Mini Java Programming Project
CSE 401 Winter 2014
Robert R. Henry
rrh@cs.washington.edu
cse401-staff@cs.washington.edu
Note
This document is subject to change, especially early on in the quarter. We’ll try our best to let you know via email the gist of the changes.
The master copy of this document is held in a docs.google.com document, so it may render a little funny after it is copied to the CSE course web.
Overview
The course project is to implement an extended version of the MiniJava language specified in the Appendix of Appel's Modern Compiler Implementation in Java, 2nd edition, with amendments and modifications given in this assignment, or in modifications to this assignment.

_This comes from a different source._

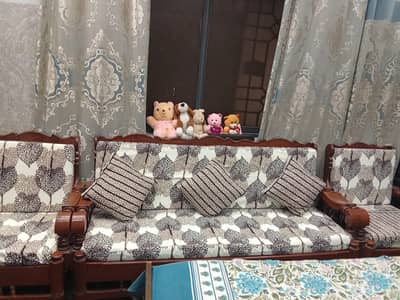 wooden sofa set used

We will supply you with the Java and C source code for a seed for your project, which includes:
- An implementation of a mostly full AST; you will have to make some obvious changes and extensions to support some of the extensions to the language.
- An implementation of a very simple source code pretty printer.
- An implementation of a very simple expression code generator, for a tiny impure subset of Mini Java. It can generate code for function entry, function exit, the scaffolding “display” statement, and integer expression evaluation using addition.
- Some sample programs, including ones implementing classical data structures and algorithms, others doing integer numerical computations, and others doing double precision numerical computations.
- A Makefile to compile the compiler, as well as compile and run the test program(s).
- A startup and runtime library written in the C in the file “boot.c” and “number_converter.c”. You should know enough C code by now to understand all that goes on in “boot.c”, but you are not responsible for the heavy numerics in the other files.
The basic grammar is described on the MiniJava web site. We will implement more than this grammar as we have additional extensions. MiniJava is a subset of Java and the meaning of a MiniJava program is given by its meaning as a Java program.
As compared to full Java, a MiniJava program consists of a single class containing a static main method followed by zero or more other classes.
- There are no other static methods or variables
- Classes may extend other classes.
- Method overriding is included, but method overloading is not supported.
- All classes making up a MiniJava program are included in a single source file.
- The only types available are int, double, boolean, int[] and double[].
- "System.out.println(...);" is a statement and can print either integers or doubles: it is not a normal method call, and does not refer to a static method of a class.
- All methods are value-returning and must end with a single return statement. (You will find this awkward to program with.)
- The only other available statements are if, while, and assignment.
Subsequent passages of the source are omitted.